Despite these reservations, blockchain seems to have caught on in a big way.
“Forensic approaches to identifying diamonds through emerging technology means they can be confidently tracked on the blockchain and, therefore, protect their future value.” — Leanne Kemp, CEO and founder of Everledger
Its decentralization and permanence are appealing to consumers who want reassurance about the provenance of their product.

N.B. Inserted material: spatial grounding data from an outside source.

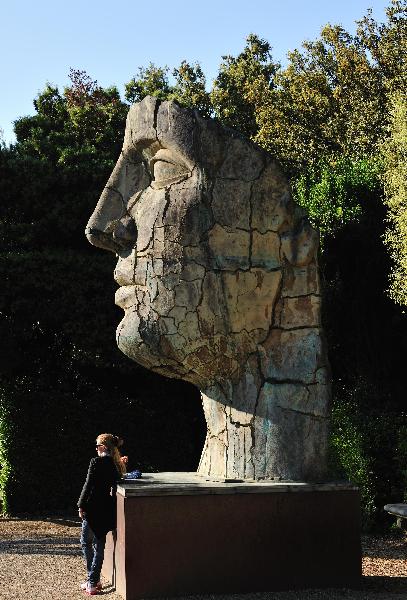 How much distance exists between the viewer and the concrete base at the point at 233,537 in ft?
21.6

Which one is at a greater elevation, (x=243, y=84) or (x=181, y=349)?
(x=243, y=84)

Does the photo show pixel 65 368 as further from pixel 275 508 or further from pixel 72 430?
pixel 275 508

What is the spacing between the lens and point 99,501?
23.1 ft

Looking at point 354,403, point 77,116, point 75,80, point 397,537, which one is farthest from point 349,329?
point 75,80

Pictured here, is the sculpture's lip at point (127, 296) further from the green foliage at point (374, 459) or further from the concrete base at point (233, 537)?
the green foliage at point (374, 459)

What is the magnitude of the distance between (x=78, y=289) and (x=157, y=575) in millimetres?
8183

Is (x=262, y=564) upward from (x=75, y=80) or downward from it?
downward

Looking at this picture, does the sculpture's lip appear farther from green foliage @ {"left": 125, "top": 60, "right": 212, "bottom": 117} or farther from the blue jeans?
green foliage @ {"left": 125, "top": 60, "right": 212, "bottom": 117}

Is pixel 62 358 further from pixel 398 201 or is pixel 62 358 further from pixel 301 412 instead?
pixel 301 412

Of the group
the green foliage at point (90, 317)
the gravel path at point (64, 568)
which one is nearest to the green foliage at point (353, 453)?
the gravel path at point (64, 568)

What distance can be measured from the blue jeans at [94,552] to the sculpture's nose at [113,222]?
2.36 metres

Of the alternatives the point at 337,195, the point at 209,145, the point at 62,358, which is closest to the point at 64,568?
the point at 209,145

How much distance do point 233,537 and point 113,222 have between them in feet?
9.20

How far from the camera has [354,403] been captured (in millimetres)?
12078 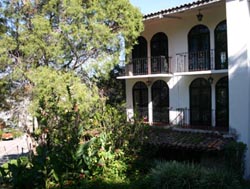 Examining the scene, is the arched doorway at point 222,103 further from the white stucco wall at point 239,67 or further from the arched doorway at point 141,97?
the arched doorway at point 141,97

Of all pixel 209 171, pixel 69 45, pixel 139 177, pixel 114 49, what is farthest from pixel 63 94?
pixel 209 171

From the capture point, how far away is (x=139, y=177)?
11.5 m

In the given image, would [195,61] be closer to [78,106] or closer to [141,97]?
[141,97]

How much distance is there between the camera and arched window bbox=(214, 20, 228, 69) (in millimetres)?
15008

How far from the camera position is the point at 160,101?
17.6 m

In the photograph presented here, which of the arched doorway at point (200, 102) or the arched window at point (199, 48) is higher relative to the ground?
the arched window at point (199, 48)

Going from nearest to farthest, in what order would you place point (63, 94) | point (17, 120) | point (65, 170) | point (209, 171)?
point (65, 170) < point (209, 171) < point (63, 94) < point (17, 120)

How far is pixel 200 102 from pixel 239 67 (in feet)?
9.99

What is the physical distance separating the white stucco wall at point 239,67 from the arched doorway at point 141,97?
552 centimetres

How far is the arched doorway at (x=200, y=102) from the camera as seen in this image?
1568cm

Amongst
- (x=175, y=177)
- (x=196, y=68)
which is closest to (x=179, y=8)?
(x=196, y=68)

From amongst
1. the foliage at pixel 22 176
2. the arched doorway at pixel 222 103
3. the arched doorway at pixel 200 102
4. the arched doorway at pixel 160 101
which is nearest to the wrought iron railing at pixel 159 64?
the arched doorway at pixel 160 101

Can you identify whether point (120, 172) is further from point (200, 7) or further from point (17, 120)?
point (200, 7)

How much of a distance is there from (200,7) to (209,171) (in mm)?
7401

Although, as Greenspan points out, while blockchain removes the need for a trusted person to oversee the ledger, you still have to be able to trust the parties adding data to the ledger, especially at the start of the tracking process.

A lab-grown diamond falsely recorded as natural, or a mined diamond with an unreported treatment or fake Kimberley Process certificate, will still be just that as it moves through the supply pipeline, whether it’s being tracked using blockchain or not.

Once this trust is established, providing an identifiable, authenticated provenance will build the trust and confidence in the upstream stakeholders and, says Kemp, “consumers will have the peace of mind of knowing where their diamond comes from.”

She argues that when a valuable item lacks an identity, it loses its authenticity, ownership, existence and, ultimately, its value, which is something blockchain can prevent.

“Forensic approaches to identifying diamonds through emerging technology means they can be confidently tracked on the blockchain and, therefore, protect their future value.”

This can have a large impact on a growing number of consumers who want to ensure the ethical provenance of their purchases be it coffee, clothing or diamonds, and often are willing to pay a premium for any product meeting their exacting individual requirements.

But that doesn’t necessarily mean they will have to with blockchain.

Both Zerouki and Helzberg’s Yoakum say diamonds tracked on the blockchain will not cost more than other diamonds.

Zerouki says the system is about meeting evolving consumer expectations and helping to address existing challenges in the industry, while Yoakum thinks there are already enough tracking and chain-of-custody systems to make blockchain price inflation unlikely.

She also says the technology can bring efficiencies to the market, providing real benefits to the industry and saving money along the way in the long run.

For example, verifying a diamond as conflict-free and mined at source (neither Tracr nor Everledger are registering lab-grown diamonds) and then tracking it as it moves through the supply chain removes the need for constant testing and verification and keeping track of reports since all the information is stored in an online digital certificate.

So instead of having to send a diamond to a lab for testing to verify it is untreated each time it changes hands, the new buyer can just check the details on the ledger, saving both time and money.

While blockchain is still an emerging technology, its growing implementation signals the start of a major digital shift that could change how the diamond business is conducted forever.